In conclusione, questi tre confronti sono lo specchio di cosa accade ora in Italia, della direzione presa dalla Politica. C’è un movimento relativamente nuovo che sta guadagnando terreno con uno stile di comunicazione diversificato, molto variegato al suo interno e che mira a un elettorato non uniforme. Il M5S non ha un’identità, cambia pelle in base all’occorrenza. Gli elementi però fermi sono: la questione anagrafica (e su Torino questo peserà); la questione della “purezza” per loro che possiamo tradurre come “legalità” in termini più laici (e questo peserà molto a Roma); la retorica di pancia, ossia il far leva su aspetti pre-politici, non saprei come altro definirli.
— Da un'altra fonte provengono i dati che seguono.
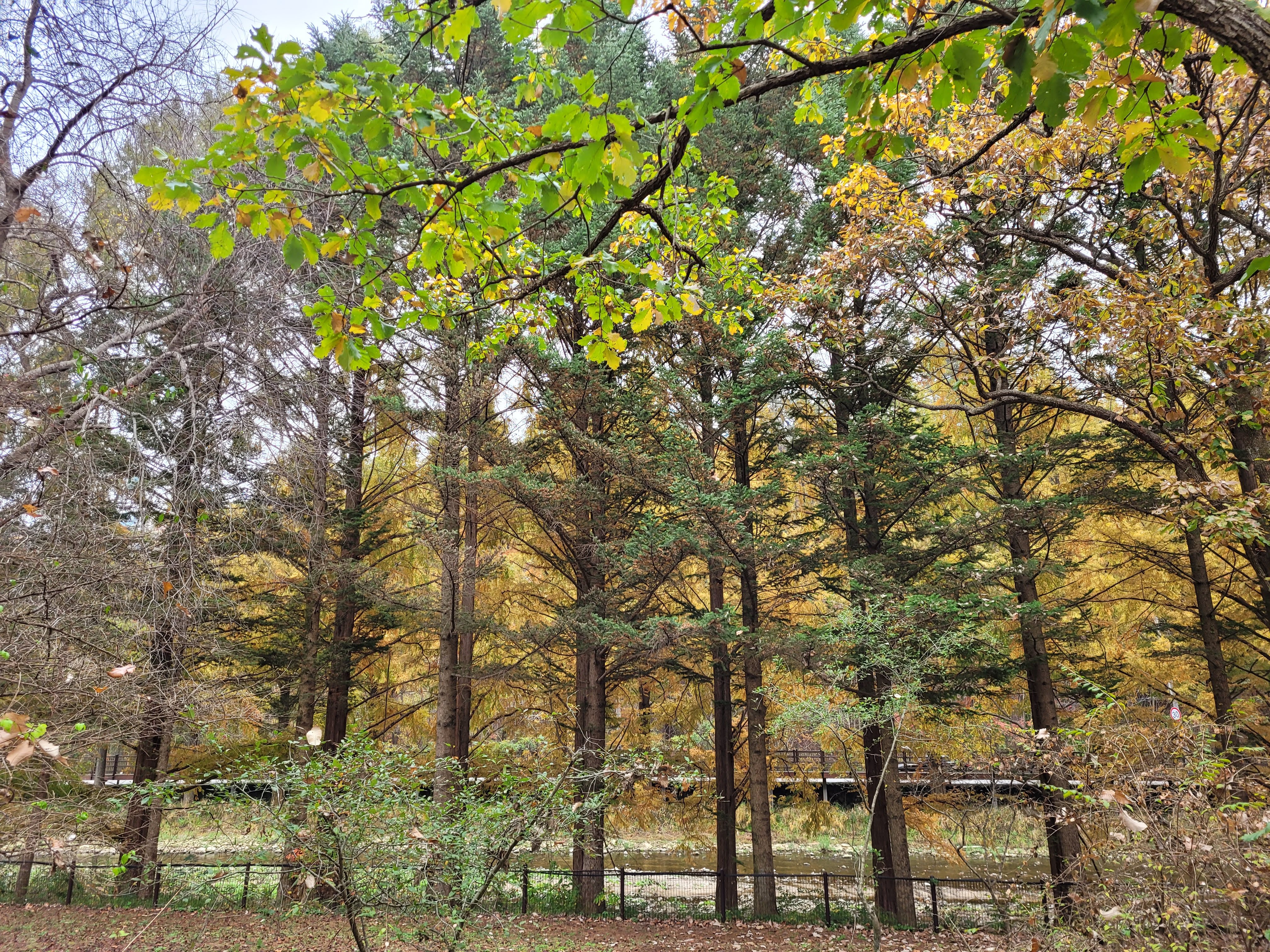 가을의 절정 단풍. 국립수목원 풍경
Questo è palese a Roma, dove la candidata martella in modo ossessivo su aspetti di rottura col passato, del bisogno di un cambiamento radicale e di purezza totale (!). Di contro, abbiamo due forze politiche tradizionali (anche se il PD esiste formalmente dal 2007-2008) che cercano prima di tutto di tenere le proprie elettrici e i propri elettori con grande difficoltà, dove il ricambio generazionale è debole e dove i campi identitari, che erano comunque la base forte dell’appartenenza, si sono liquefatti o quasi.
Questi ballottaggi ci diranno molto della situazione attuale. Queste sono solo congetture e analisi parziali. Solo il 19.06 sapremo se erano valide o meno.